In summary, we collected multi-modal data consisting of neural and imaging signals and applied convolution analysis to demonstrate linear relationships between neural and imaging signals to verify the time invariance of their transfer functions. Because these transfer functions could produce modeled signals for brief (1–4 pulses) and long (90 pulses) stimuli successfully, we extended calibrated fMRI for CMR_O2 calculation, from transient events to steady-state. Preliminary results from our laboratory (data not shown) suggest that this approach may be extended for stimuli of varying frequencies and across the somatosensory cortex. However further studies are required to understand differences between cortical and subcortical regions where neural activity patterns and microvasculature are known to be significantly different (Ebner and Armstrong-James 1990).

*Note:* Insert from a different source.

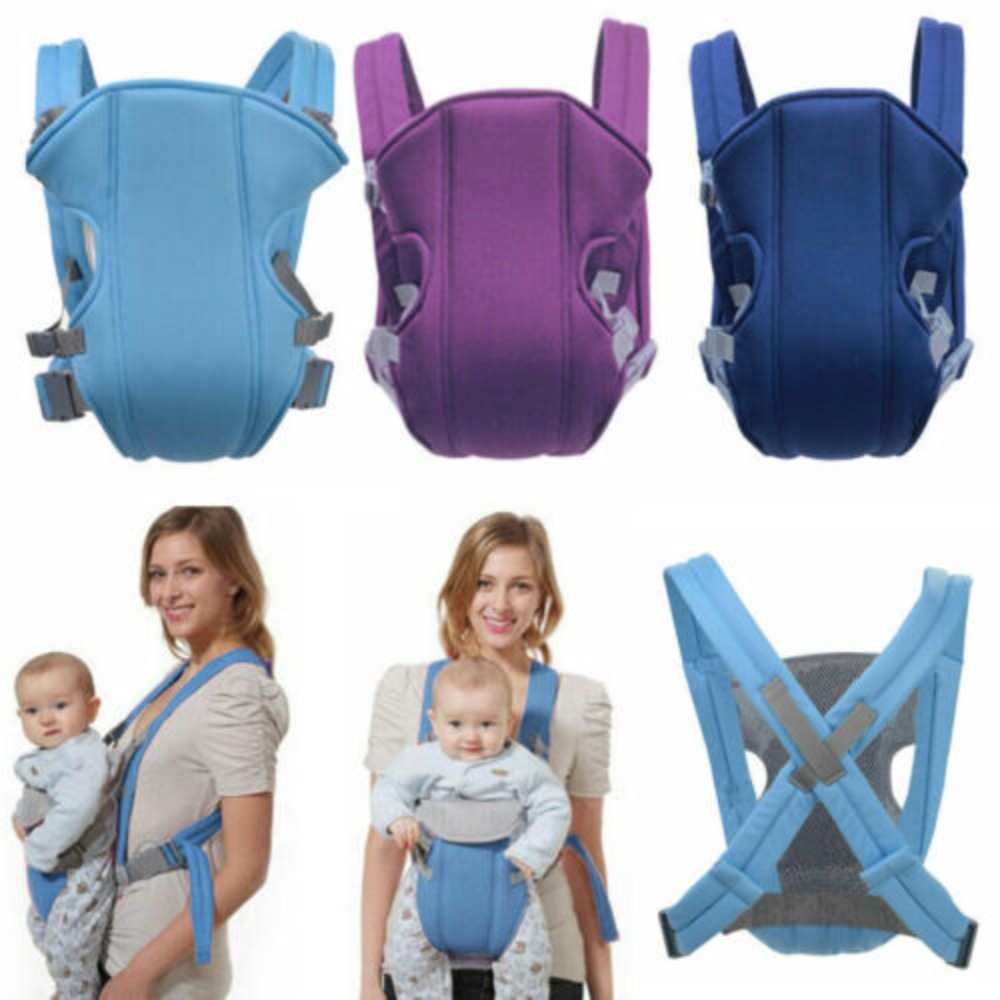 Känguru-Schultergurt für Klein – Ergonomic Baby Carrier Bewertung und Preis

Factors that affect the BOLD signal include hematocrit (Hyder et al. 2001). At steady-state, CMR_O2 calculation by calibrated fMRI assumes that volume (or discharge) hematocrit is unchanged. Under steady-state conditions, this assumption has been partly confirmed by comparing kinetics of red blood cell and plasma volumes (Herman et al. 2008). However dynamically different velocities of red blood cell and plasma compartments may become exaggerated in capillaries which in turn could affect the flow (or tube) hematocrit (Pries et al. 1986). Therefore an important consideration for future studies is the involvement of transient hematocrit changes (Fahraeus 1929) on the dynamic BOLD contrast, which may account for some of the observed small imperfections in the residual signals.